SOURCE DATA
○ ○ ○ ○ ○
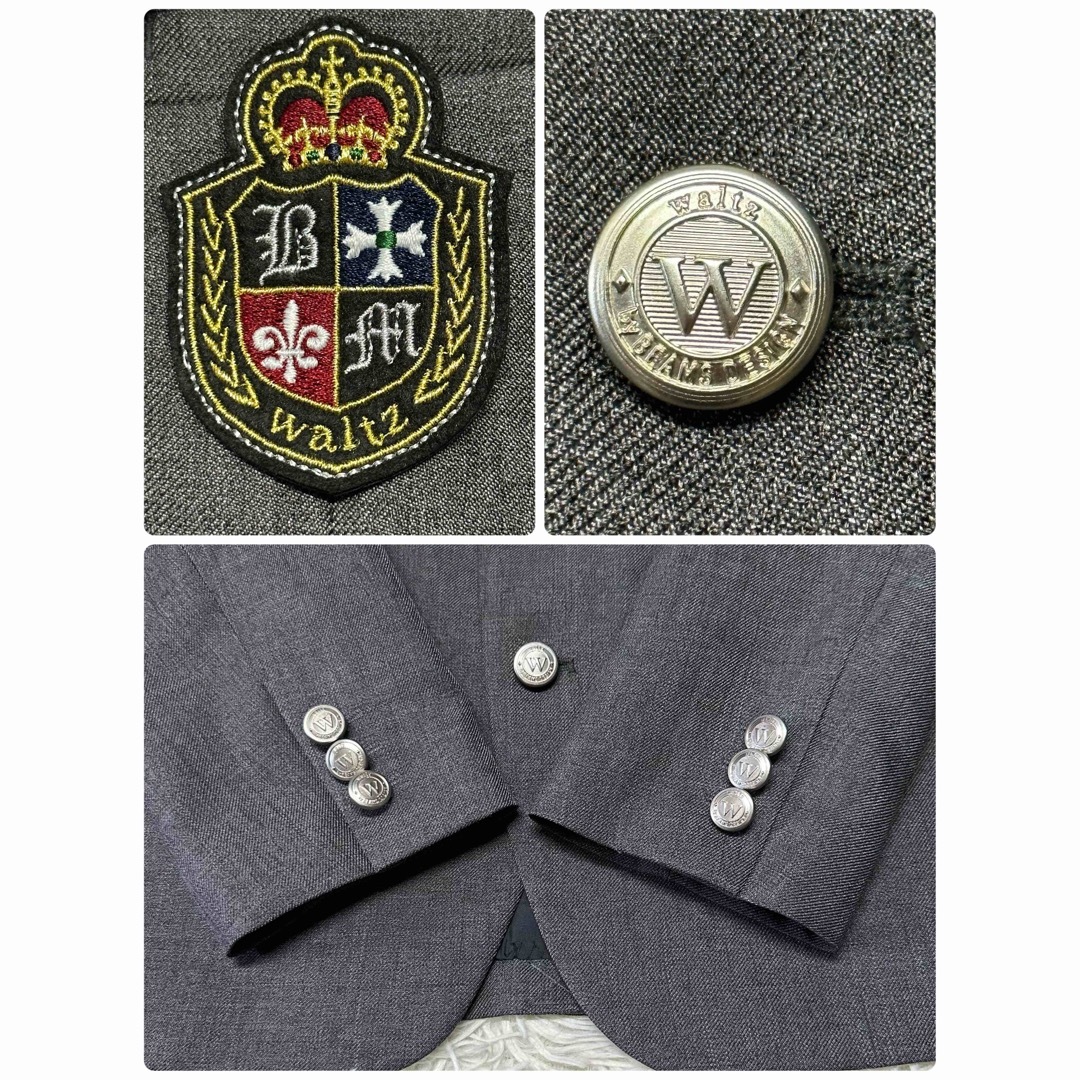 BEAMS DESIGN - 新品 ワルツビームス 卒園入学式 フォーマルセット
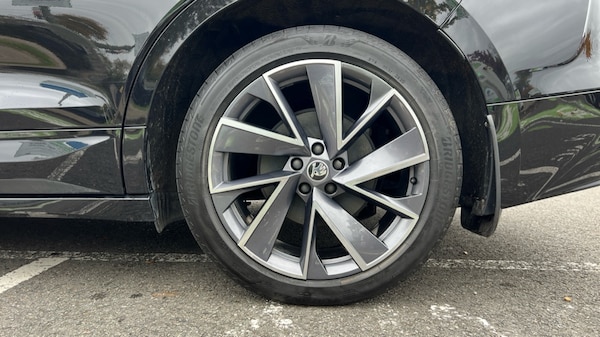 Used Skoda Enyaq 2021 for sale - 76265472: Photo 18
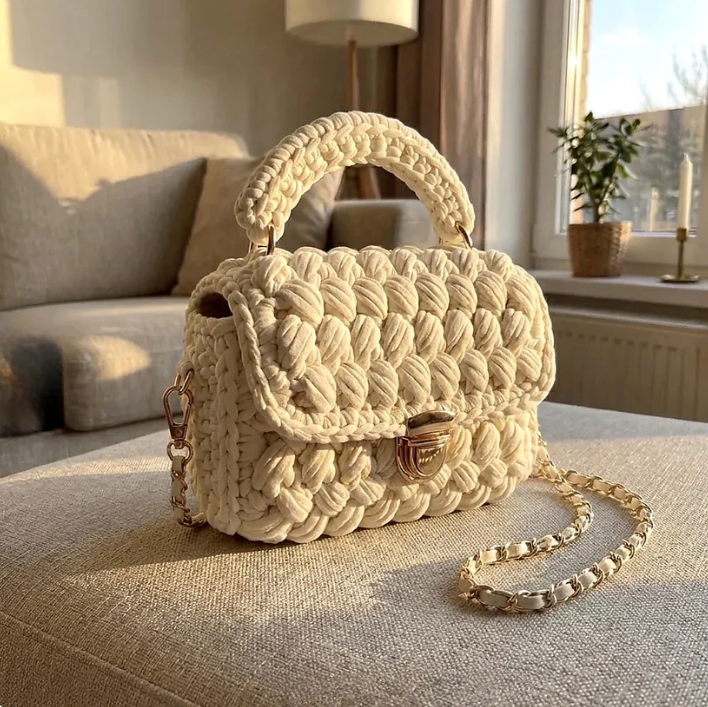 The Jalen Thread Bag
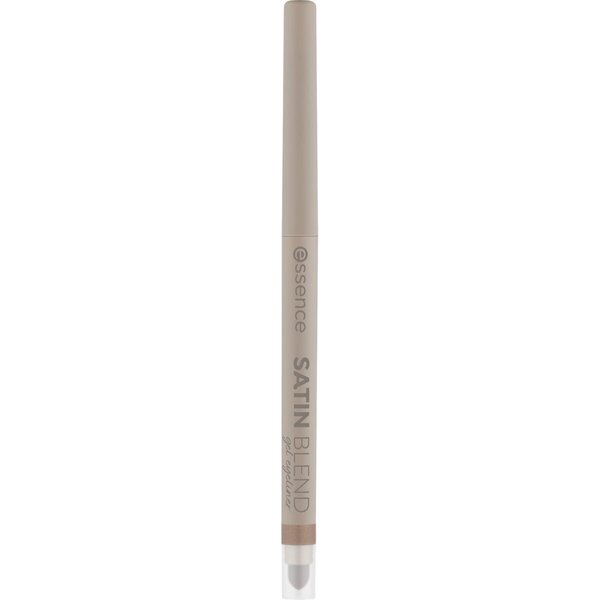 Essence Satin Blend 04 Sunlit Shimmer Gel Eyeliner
○ ○ ○ ○ ○
Your answer must be an exact copy of the listing, with every picture omitted.

 BEAMS DESIGN - 新品 ワルツビームス 卒園入学式 フォーマルセット
 Used Skoda Enyaq 2021 for sale - 76265472: Photo 18
 The Jalen Thread Bag
 Essence Satin Blend 04 Sunlit Shimmer Gel Eyeliner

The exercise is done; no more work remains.